Remake is a film about remaking the stories of Parker and Hulme and of Genet's The Maids, where the filmmakers act out and mix in their own life stories and in which the ensuing confusion leads to both comic and tragic results. It can be read as a murder mystery, a satire on Christchurch contemporary life or a DIY attempt to make a New Zealand new wave art film.
Liz and Marian are two young students of film and theatre who decide to make a film. They film each other when they talk to their boyfriends on the phone or re-enact "scenes" that they had with them. They place a hidden camera in their parents' living rooms to film "scenes" they have with them. They are also researching the fantasy lives of Juliet Hulme and Pauline Parker who murdered Pauline's mother in Christchurch fifty years ago. They try to take on their roles and to (re)make a film about them (Heavenly Creatures). They follow their footsteps around Christchurch and, like Juliet and Pauline, search for a Fourth World, which is more exciting and meaningful than their lives at the bottom of the world, where nothing ever happens.

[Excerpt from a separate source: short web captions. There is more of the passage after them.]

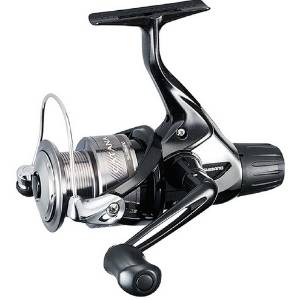 best float fishing reels best float fishing reels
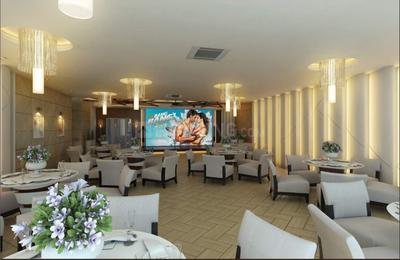 Project Image of 0.0 - 1881.0 Sq.ft 4 BHK Villa for buy in Happy Home Nest Venezia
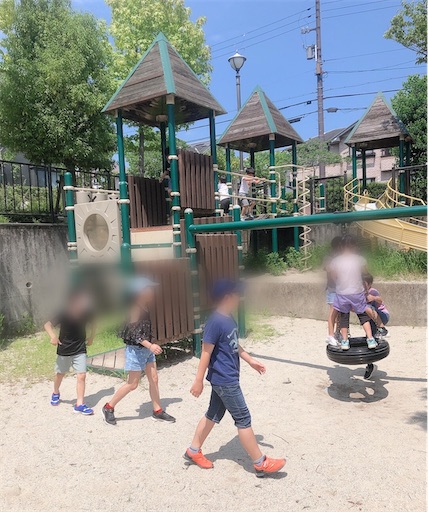 f:id:kitatomirai:20220725110036j:image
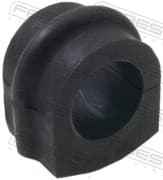 OEM FRONT STABILIZER BUSHING D25 NSB023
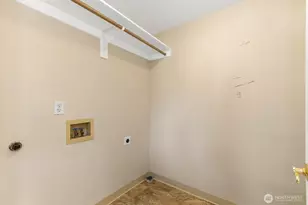 1268 E Spencer Ct, La Center, WA 98629 - Photo 18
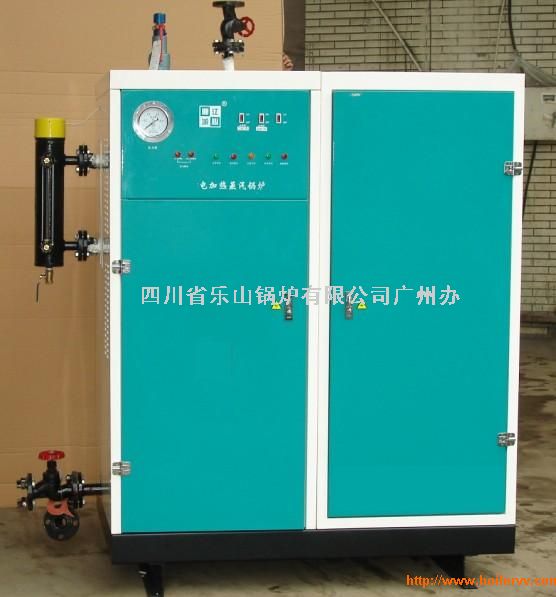V偠t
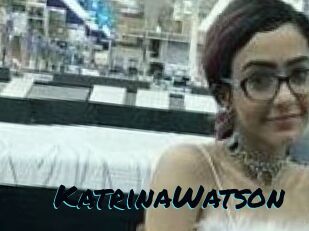 KatrinaWatson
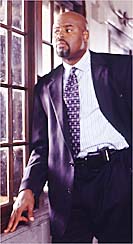 mcbride_pict_3.jpg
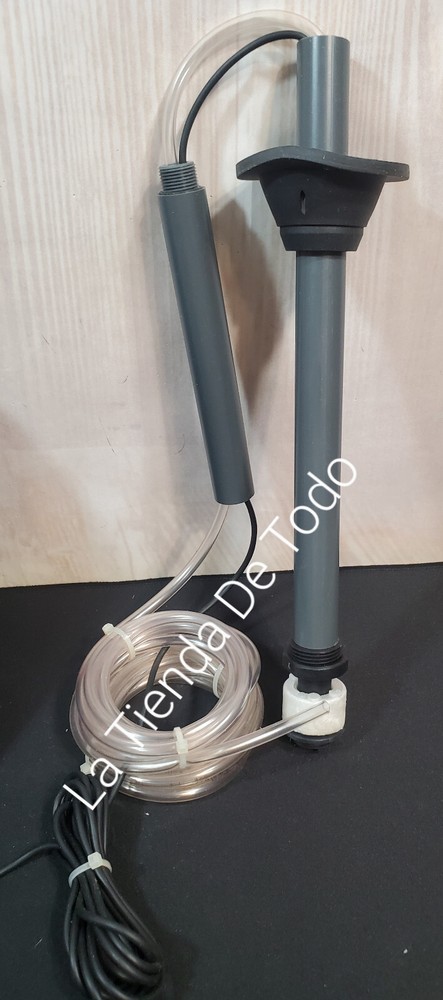 TDS DIGITAL TIMER DRAIN PUMP FITS BDD1HF1WTU01 FOR SEKO USERS READ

Together they try to find this hidden world: in the church, in Christchurch's witches scene, in the tapu places of Port Levy, in drugs and dreams, in each other, and above all, in film and theatre. Like Juliet and Pauline they role-play as film stars (Ava Gardner and Rita Hayworth) and remake scenes from the Marx Brothers and Puccini’s Tosca. But they also replay scenes from works that themselves investigate role-playing, such as Jacques Rivette's Celine and Julie Go Boating and Jean Genet's The Maids, or scenes from life, like a prominent New Zealand theatre director's public abduction and shaming. The theatrical games that they play with the scenes of the murderous maids increasingly mirror Parker and Hulme's as well as their own games in mixing the fake and the real.
To film all this they acquire the help of the cameraman Shahin and the musician Nick with whom they also play their own games. The question becomes whom they will "murder": themselves, each other, their mother or father, or their boyfriends. The murders that end the film come as surprises that are at the same time inescapable.